I'm in barcelona right now... the other side of barcelona (costa brava) is much better than then the west side. I would much rather live over there.

Also Catalan people are not friendly at all and close-minded. In my opinion especially in these smaller cities (like Tarragona) it will be VERY hard to meet people that are not expats from somewhere. The south of Spain is much, much better as far as people are concerned.


----------



## Pesky Wesky (May 10, 2009)

yosheryosh said:


> I'm in barcelona right now... the other side of barcelona (costa brava) is much better than then the west side. I would much rather live over there.
> 
> Also Catalan people are not friendly at all and close-minded. In my opinion especially in these smaller cities (like Tarragona) it will be VERY hard to meet people that are not expats from somewhere. The south of Spain is much, much better as far as people are concerned.

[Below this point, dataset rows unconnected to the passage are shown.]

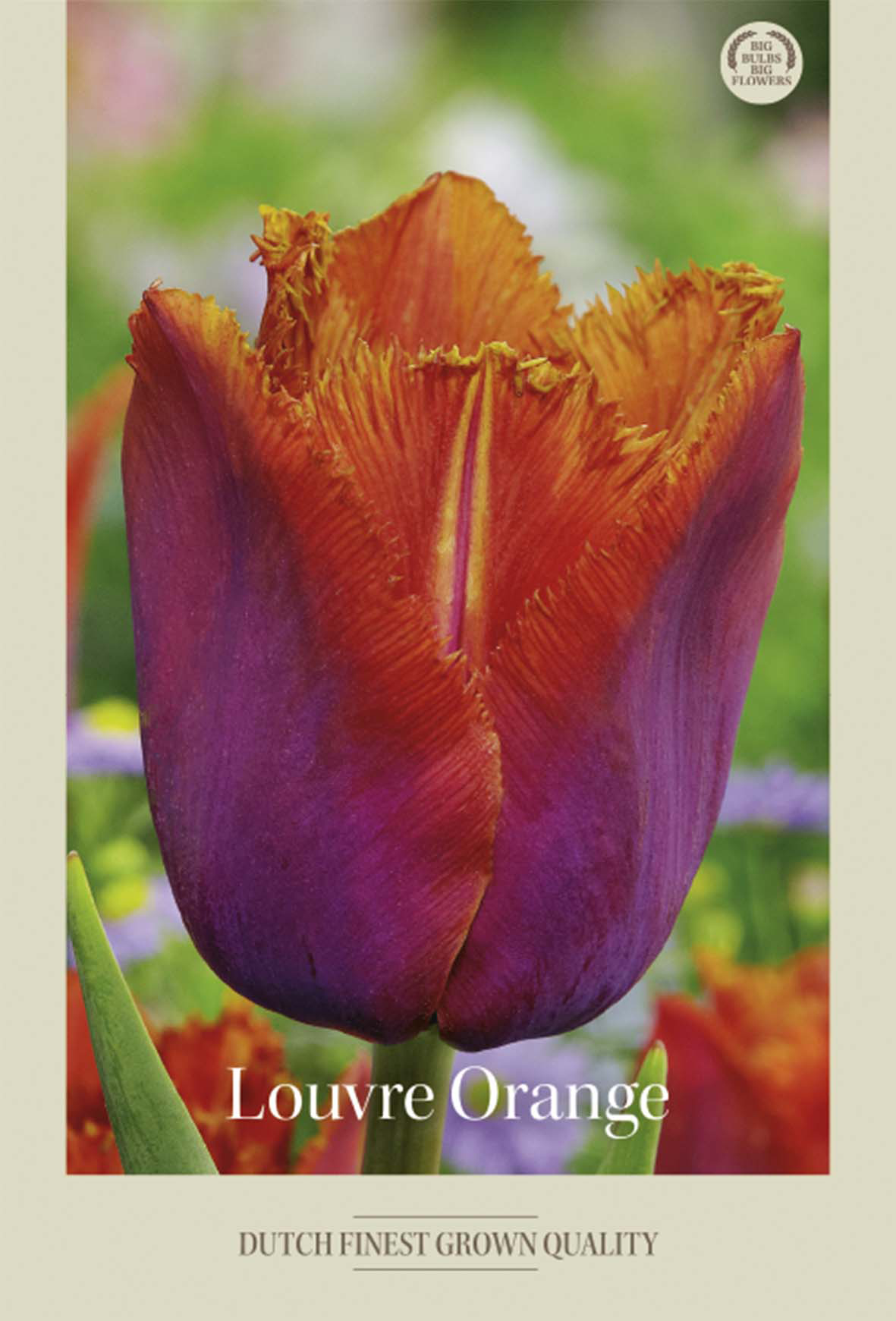 Tulpan Louvre Orange 7-pack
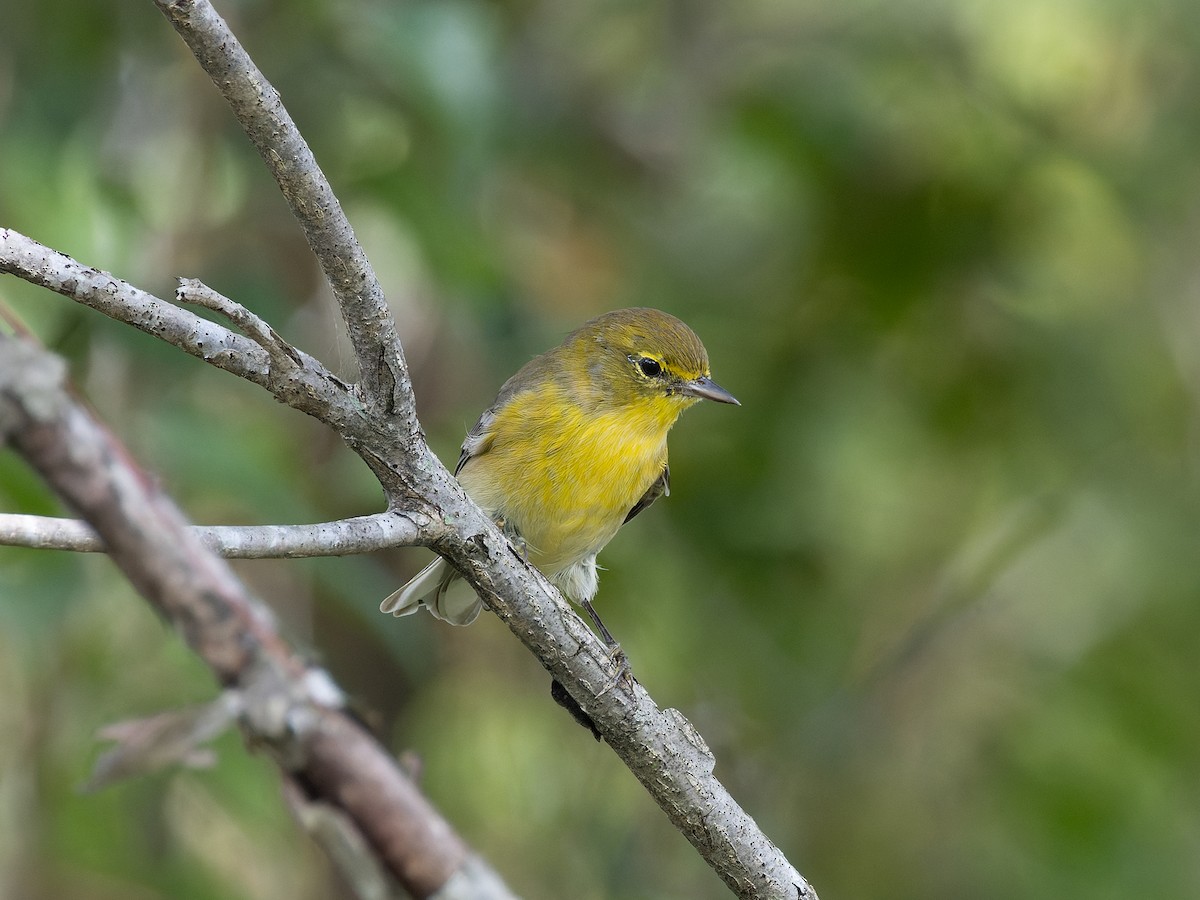 Pine Warbler - ML610367027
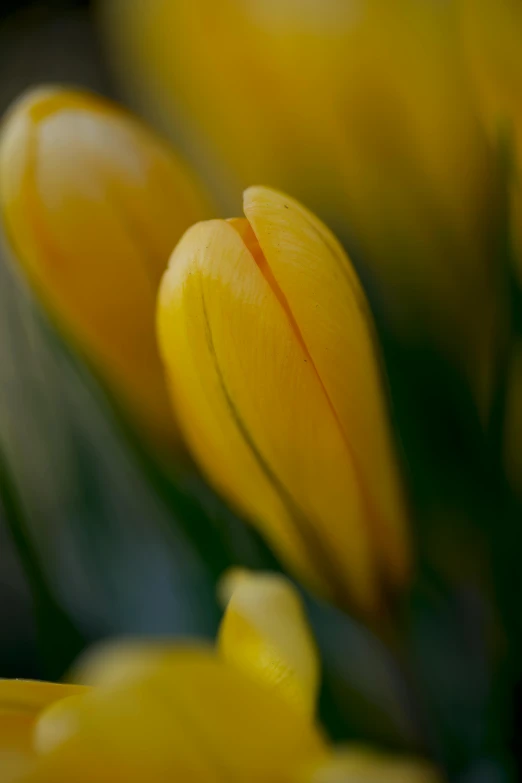 a close up view of flowers and the petals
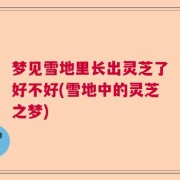 梦见雪地里长出灵芝了好不好(雪地中的灵芝之梦)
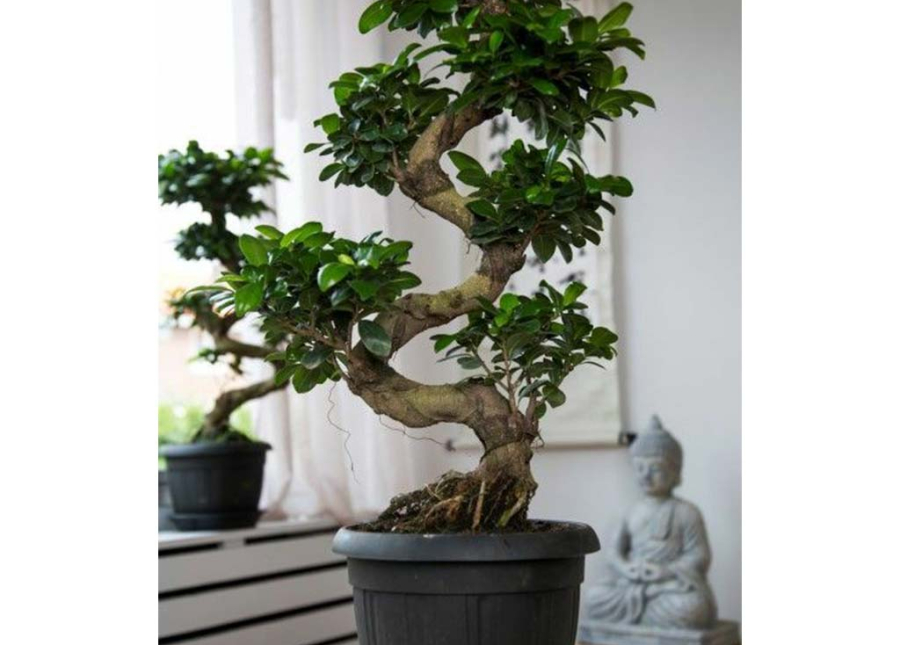 FICUS GINSENG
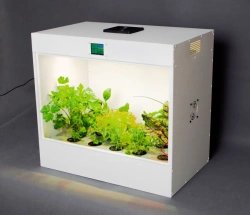 Hydroponic Mini Greenhouse Ecobox - Year-Round Plant Growth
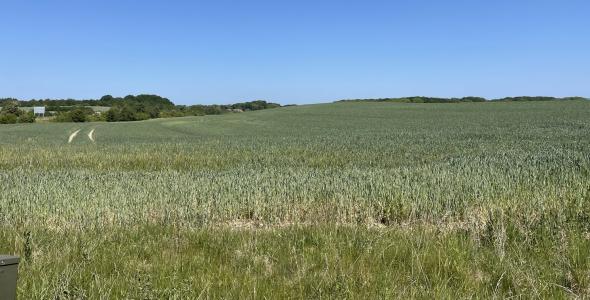 Studstrup solcellepark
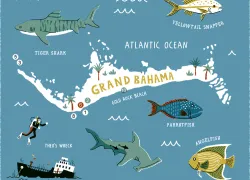 grand-bahama-scuba-magazine.jpg.webp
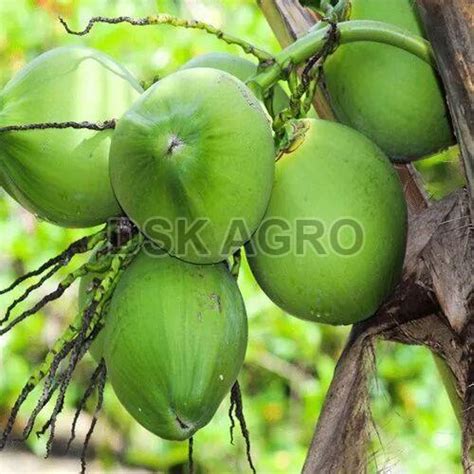 Natural Tender Coconut Wholesaler In Theni Tamilnadu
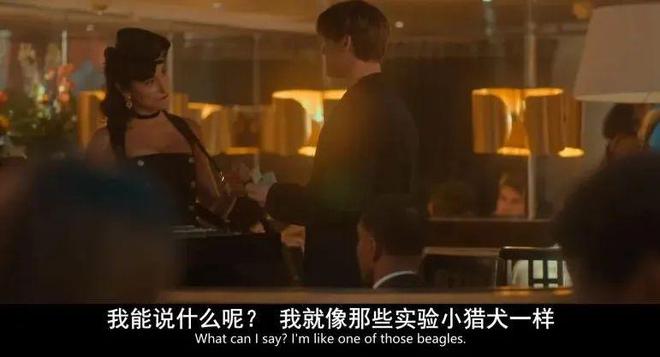 布拉德弗洛_夏提雅·布拉德弗伦_夏提雅·布拉德弗伦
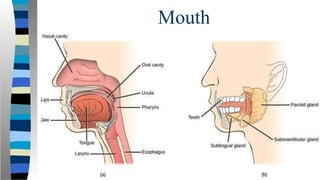 Mouth
 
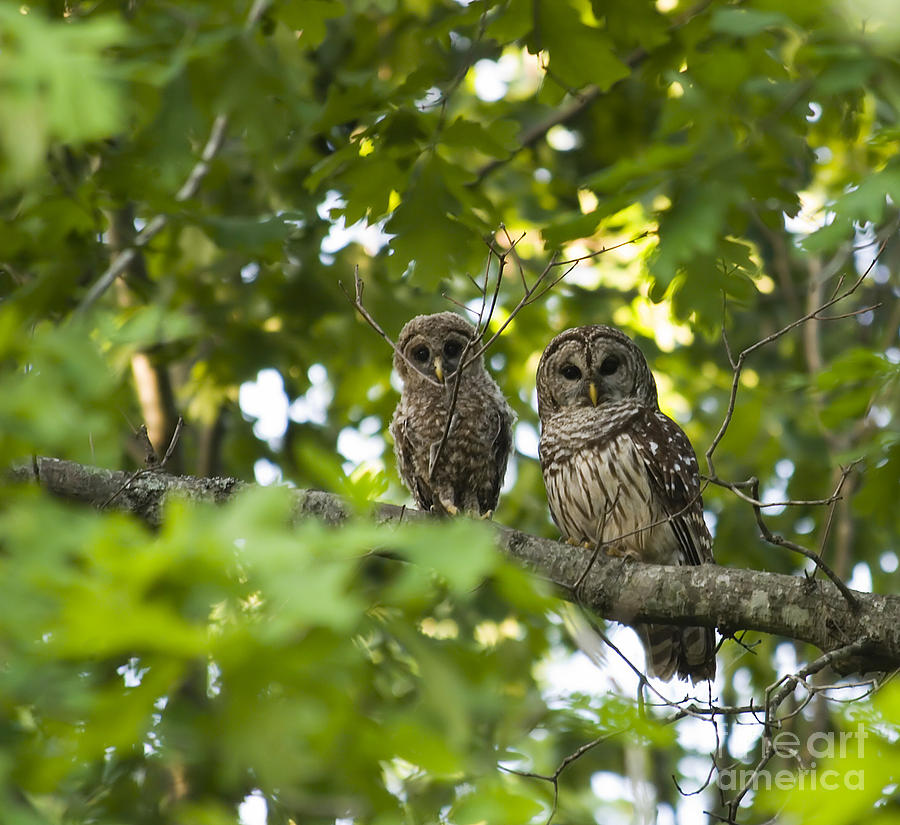 Mother and Baby Barred Owl Photograph by Jill Lang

This thread is pretty old, but I was wondering how long have you been living in Barcelona?


----------



## mickbcn (Feb 4, 2013)

yosheryosh said:


> I'm in barcelona right now... the other side of barcelona (costa brava) is much better than then the west side. I would much rather live over there.
> 
> Also Catalan people are not friendly at all and close-minded. In my opinion especially in these smaller cities (like Tarragona) it will be VERY hard to meet people that are not expats from somewhere. The south of Spain is much, much better as far as people are concerned.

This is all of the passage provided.